Nadejda e a filha dela Foto: Elena Potchiótova
A guerra civil na Síria atingiu o destino das cidadãs russas que vivem no país. Tudo mudou: o cotidiano, os relacionamentos e os planos para o futuro. Algumas famílias enfrentaram a dor das mortes e separações.
Esposas russas de cidadãos sírios conversaram com a reportagem da Gazeta Russa sobre os seus problemas e vivências.
Nadejda (mãe de duas filhas, vive em Lataquia)
A atitude em relação a mim por parte dos sírios praticamente não mudou, mas a vida em si mudou radicalmente: o dia começa e termina com um resumo das notícias. Agora já não se fala de vida, mas de sobrevivência. Se antes eu amava o país, agora me apaixonei pelas pessoas que se opõem ao mal que as empurra para o abismo. Caso o governo legítimo caia, o futuro a curto prazo, seja para mim, para a minha família ou para o povo sírio, deixará de existir.
Larissa (mãe de duas crianças, vivia no litoral do país, mas voltou para a Rússia há um ano)
A atitude da minha família em relação a mim não mudou absolutamente nada. A relação entre nós sempre foi muito amistosa. Todos compreenderam a minha saída do país. E a relação com os nossos vizinhos também não mudou. Até o dono da academia que eu costumava frequentar se recusava a cobrar os russos por nosso país ter vetado a resolução anti-Síria, no Centro Cultural onde eu dava aulas de russo a atitude em relação a mim melhorou, parecia que até me respeitavam mais.
No entanto, diferentes pessoas têm diferentes opiniões sobre o que está acontecendo no país e é por isso que a gente não falava de política com alguns conhecidos. Mas, por outro lado, eu deixei de ir sozinha à cidade, pelo menos às áreas sunitas. Se o regime cair, acho que a minha família terá que deixar a Síria pelo menos por um tempo, até as coisas se acalmarem. Deus queira que ainda dê para sair, pois lá ficaram meu marido e os meus filhos adultos.
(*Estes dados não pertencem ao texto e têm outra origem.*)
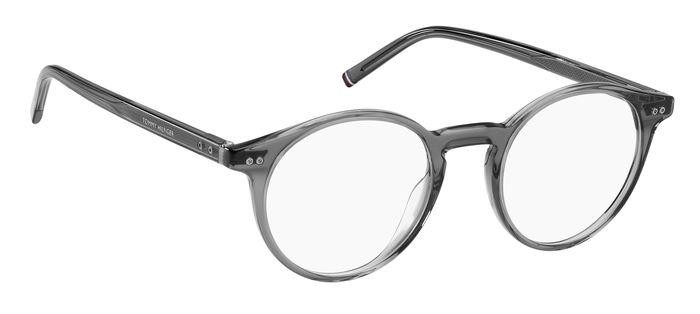 Brillen Tommy Hilfiger TH 1813 104461 (KAC) form pantos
Elena (mãe de dois filhos, Lataquia)
Provavelmente eu tive sorte. Devido aos eventos na Síria, a atitude dos sírios que conheço mudou para melhor comigo. Eles me agradeciam pela ajuda prestada pela Rússia e em algumas lojas tentavam me dar as mercadorias que eu pretendia comprar. Trata-se, afinal, de um povo emocional. Mas recordo também que na altura em que a Rússia apresentou o primeiro veto, um jovem vendedor de uma loja da área sunita me perguntou de onde eu era. Quando eu disse que era da Rússia, ele me olhou, sorriu e disse: “Sim. Você não tem culpa.”
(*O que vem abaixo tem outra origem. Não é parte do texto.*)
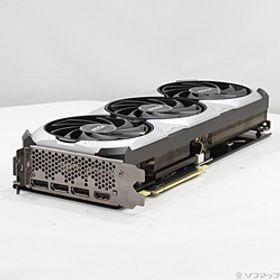〔中古品〕 GeForce RTX 4070 Ti VENTUS 3X 12G OC〔中古品〕 GeForce RTX 4070 Ti VENTUS 3X 12G OC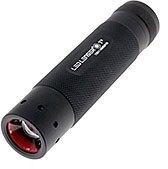Led Lenser T2 lampe de poche LED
Em cada reunião e em qualquer conversa o tema é sempre o que está acontecendo no país e às vezes os tons de voz se exaltam porque a tensão, a dor e o simples estado de constante incerteza paira no ar, mas a gente aprende a viver com isso.
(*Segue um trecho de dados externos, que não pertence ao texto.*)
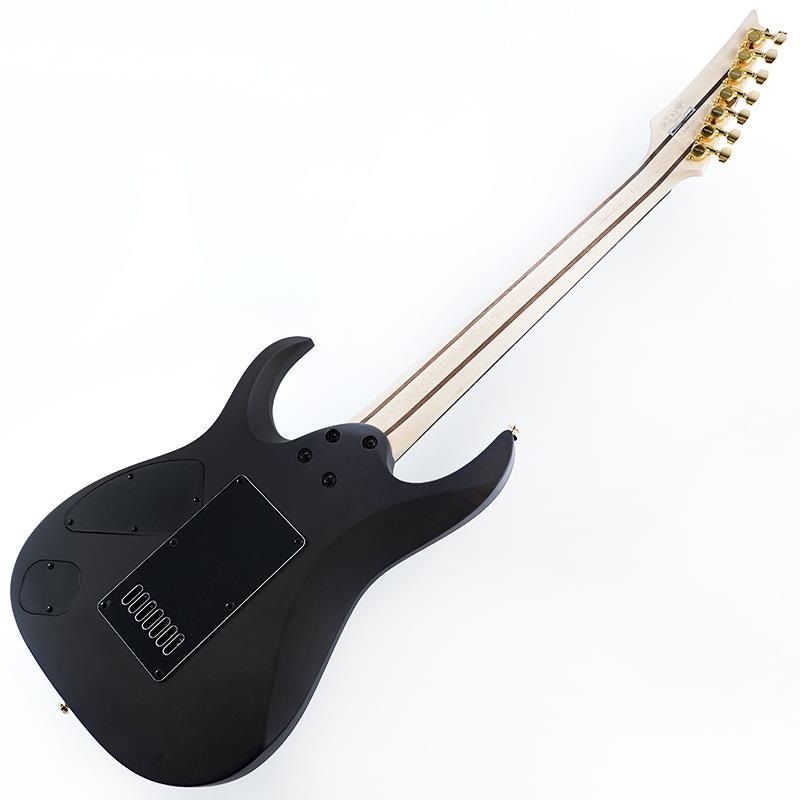 Ibanez K7YANG [KORN Head Model] ｜イケベ楽器店オンラインストア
Eu não sou uma pessoa ativamente política. Sou mulher e, acima de tudo, sou mãe. Às vezes sinto medo. O meu filho mais novo está com 5 anos e ele pode vir a não ter um futuro se o regime mudar, porque aí a guerra vai se arrastar por anos.
Nina Serguéieva (vivia em Lataquia, mas voltou para a Rússia)
Eu era presidente do Conselho de Coordenação das Compatriotas Russas e posso dizer que, independentemente de onde as esposas russas de cidadãos sírios estivessem vivendo na Síria, os acontecimentos dos últimos dois anos têm sido um grande teste para elas: a destruição da vida normal como conheciam, medo por suas vidas e pela de seus entes queridos e a angústia pelo destino do país que se tornou a sua segunda casa.
As circunstâncias de vida específicas de cada mulher e a atitude dos sírios em relação a ela dependem muito da cidade e da área onde ela vivia, da posição assumida pelo marido e pelos amigos neste conflito, qual dos lados os seus filhos adultos apoiam. É sempre assim, é como se você se tornasse responsável pela posição assumida por seu país –e a Rússia assumiu neste conflito uma posição firme, que não é apoiada por toda a sociedade síria.
Claro que é perigoso se os seus vizinhos, com quem você conviveu por muitos anos, começam a tratar você de modo hostil, mas isso pode-se resolver mudando-se para outra área da cidade ou para outro país. É claro que dói quando a família do seu marido deixa de ver você como um membro da família, o que também pode-se evitar indo embora.
Mas o que fazer quando o seu próprio marido ou filho começam a te considerar adversário político? Poderá uma mulher ir embora de si mesma? Eu conheço histórias de famílias onde tal dilema levou a finais trágicos, quando o marido matou a mulher ou o filho abdicou da própria mãe. Quando nos confrontamos com estas situações se torna claro o abismo sem fundo para onde está deslizando a sociedade no caminho da guerra civil.